The brilliantly written ‘Mitochondrial’ discusses, among other things, Ireland’s troubled past with Iceland. Traynor writes confidently of how:
In school books the Viking Wife was always thick-plaited – apple cheeks blushed red in her sea-shell face. She offered a plate of bread, her homely skill the obverse of the rape, the slaughter, all bloodiness exported to the shores of neighbouring lands where the surf foamed pink. But Iceland tells a different story; dull-haired Celtic wives, noses running with cold, faces like slapped arses, bawling with rage at their dead Irish men as they were dragged to this wind-whipped rock.
Traynor is equally astute in ‘Fire God’, included below in its entirety:
Touching the night with bright fingers I travel backwards up the down-flow, I break the rules. On the edge of an estate, in a city of the imagination, a horse runs burning through the avenues. In the Phoenix Park, watch for my ashes on the dawn. Peel polyester from the bone. Money burns.
Liffey Swim is a confident first collection. The quality of its work guarantees that Traynor is a poet to keep reading and listening to. Her language is fresh, erudite and engaging. Her writing future is sure to be a bright one.
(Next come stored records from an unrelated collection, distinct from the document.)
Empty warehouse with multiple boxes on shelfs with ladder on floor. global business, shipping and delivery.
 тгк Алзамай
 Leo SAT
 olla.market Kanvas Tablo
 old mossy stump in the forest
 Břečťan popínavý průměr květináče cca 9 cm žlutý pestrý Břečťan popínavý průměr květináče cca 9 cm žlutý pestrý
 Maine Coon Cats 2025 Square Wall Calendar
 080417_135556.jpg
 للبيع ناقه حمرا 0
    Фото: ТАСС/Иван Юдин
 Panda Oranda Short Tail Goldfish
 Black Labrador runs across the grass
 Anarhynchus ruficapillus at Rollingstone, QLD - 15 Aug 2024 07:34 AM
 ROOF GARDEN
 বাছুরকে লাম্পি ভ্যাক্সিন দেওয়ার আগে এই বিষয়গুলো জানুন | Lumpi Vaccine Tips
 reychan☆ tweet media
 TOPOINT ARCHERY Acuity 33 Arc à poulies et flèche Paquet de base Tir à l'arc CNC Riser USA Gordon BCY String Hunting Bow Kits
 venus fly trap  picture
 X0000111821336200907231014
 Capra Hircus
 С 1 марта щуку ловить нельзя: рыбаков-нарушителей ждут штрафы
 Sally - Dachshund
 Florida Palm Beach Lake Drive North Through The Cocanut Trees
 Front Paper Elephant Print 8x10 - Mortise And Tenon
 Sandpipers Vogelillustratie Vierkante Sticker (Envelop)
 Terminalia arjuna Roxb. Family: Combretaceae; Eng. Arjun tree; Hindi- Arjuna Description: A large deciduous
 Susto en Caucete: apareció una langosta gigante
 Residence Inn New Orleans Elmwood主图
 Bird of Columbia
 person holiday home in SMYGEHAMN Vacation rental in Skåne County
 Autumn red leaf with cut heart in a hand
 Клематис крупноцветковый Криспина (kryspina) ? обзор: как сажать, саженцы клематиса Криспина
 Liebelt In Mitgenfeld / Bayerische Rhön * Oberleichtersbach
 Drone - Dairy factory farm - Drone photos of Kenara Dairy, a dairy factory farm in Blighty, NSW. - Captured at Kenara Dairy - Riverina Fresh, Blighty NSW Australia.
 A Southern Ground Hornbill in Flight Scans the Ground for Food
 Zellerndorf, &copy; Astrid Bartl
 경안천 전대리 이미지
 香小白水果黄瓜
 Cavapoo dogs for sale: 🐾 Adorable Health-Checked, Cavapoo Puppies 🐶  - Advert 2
The three collections represented in this review provide the smallest selection of the Irish poetry publishing scene. Even so, they give the impression that there is a robust small press industry despite recent economic difficulties and significant reductions to arts funding. It is also encouraging to note such poetic diversity and to acknowledge the range of subject matter these poets are writing about from Belfast, Connemara and Dublin.